# Which text browser support script-based verification page?

## XQZS

which text browser support javascript-based verification page?

Before browse to web pages on Internet outside, I have to input my netword ID and password on a javascript-based verification page.

firefox, chrome, IE, and other GUI browsers are ok of course.

But links, lynx, elinks, w3m and other text browsers can not work. When I link to this verification web page, these browers cannot show the input blank boxes for inputting ID and password. I guess the verification page just use javascript, and this script cannot run on text browsers, but I also know elinks or lynx support javascript--there is a "javascript" USE flag when emerging them. Thus I do not know how to do.

In my opinion, the verification page must have some scripts to be run when being opened. But these scripts cannot be run in text browsers envirement, so the blank input boxes cannot show on the browers after that.

How to make the text browers show this script-based verification page correctly?Last edited by XQZS on Sun May 18, 2014 5:17 am; edited 1 time in total

----------

## 1clue

I don't know about text-based browsers with javascript support, but you should change "java" in your subject to "javascript" to ovoid being misleading.  This is apples and oranges, and some people who know about the javascript part won't even read your thread if you say java.

----------

## XQZS

 *1clue wrote:*   

> I don't know about text-based browsers with javascript support, but you should change "java" in your subject to "javascript" to ovoid being misleading.  This is apples and oranges, and some people who know about the javascript part won't even read your thread if you say java.

 

Thank you.

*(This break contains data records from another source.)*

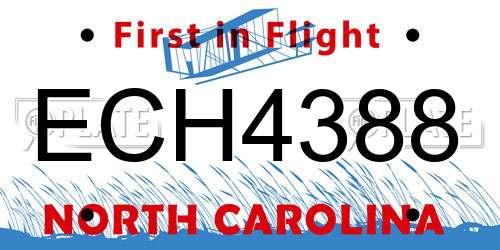 ECH4388 North Carolina License Plate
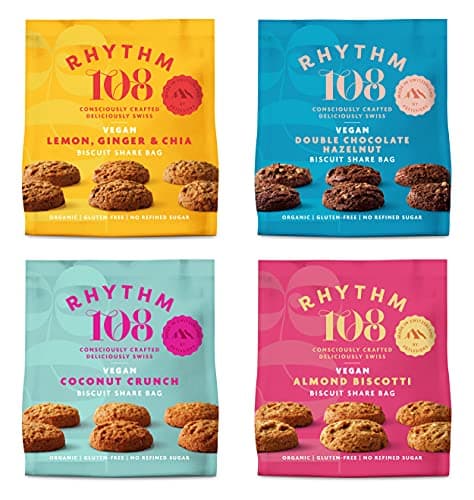 Image of Rhythm 108 Organic Vegan Gluten & Dairy Free Tea Biscuits Share Bag Mixed Case of 4 x 135g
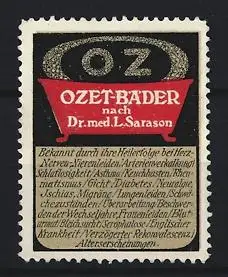 Reklamemarke OZET-Bäder nach Dr. med. L. Sarason, rotes Badebecken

In fact, I do not know whether it is javascript, but it must be scripts.

----------

## 1clue

It must be javascript.

I'm pretty familiar with the server side of this.  The thing I don't know about here is the text-based browsers.

http://links.twibright.com/user_en.html#ap-javascript

This shows that links HAD javascript support at one point but it's now disabled because of problems.  So this topic might be a minefield for your case.

I can't imagine a browser being very useful these days without javascript support.  Just about every general-purpose site has it, and it's an integral part of html5 spec, although the implementation of the engine can vary.

----------

## Hu

 *1clue wrote:*   

> I can't imagine a browser being very useful these days without javascript support.  Just about every general-purpose site has it, and it's an integral part of html5 spec, although the implementation of the engine can vary.

 You'd be surprised how many well-designed sites work fine with Javascript zapped by NoScript.  Conversely, as you say, many poorly designed sites misuse Javascript to do something that is more easily done through other means, and therefore break when Javascript is restricted to run only on trusted sites.  The OP's problem sounds like a case of the latter.  Soliciting credentials is trivially done through plain HTML or even simple HTTP.  Validating the credentials must be done server-side to maintain integrity.  Based on the OP's description, I see nothing in what it does that would justify it using Javascript.  However, many would-be web developers think Javascript is the answer to everything, so I would also not be surprised if the OP is correct that the authentication page is designed to require Javascript.

----------

## 1clue

I can't really think of any reason why you would need javascript for a login screen either, but javascript does solve a lot of problems with web-based applications, and is indispensable for some of them.

For example, if you have an app like a web-based spreadsheet or word processor, there's just no way to do some things without some sort of client-side code which strict html does not handle.  The only reasonable solution is to use a script language, and frankly the only thing even close to robust enough is Javascript.

Here's a project for you:  Find a page on the Gentoo forum which has no javascript.  Including the login screen!  Better yet, click the 'reply' button and look at the page source.  This editor we're typing in has lots of javascript, and frankly needs it.  A WYSIWYG editor is even more javascript intensive.

For those of you who have learned to hate Javascript from years back, the advent of HTML5 has seen a lot of changes in Javascript to make it consistent and logical.  Better yet, it's now very consistent across browsers and operating systems.  In terms of putting Linux on an equal footing with Windows and Mac, this is awesome.

On the other hand, an exploit in Javascript will hit all operating systems and all browsers with equal ferocity.  Security is needed, and dynamic attention to the current requirements by the folks who make the web pages and the tools that make them is critical.

----------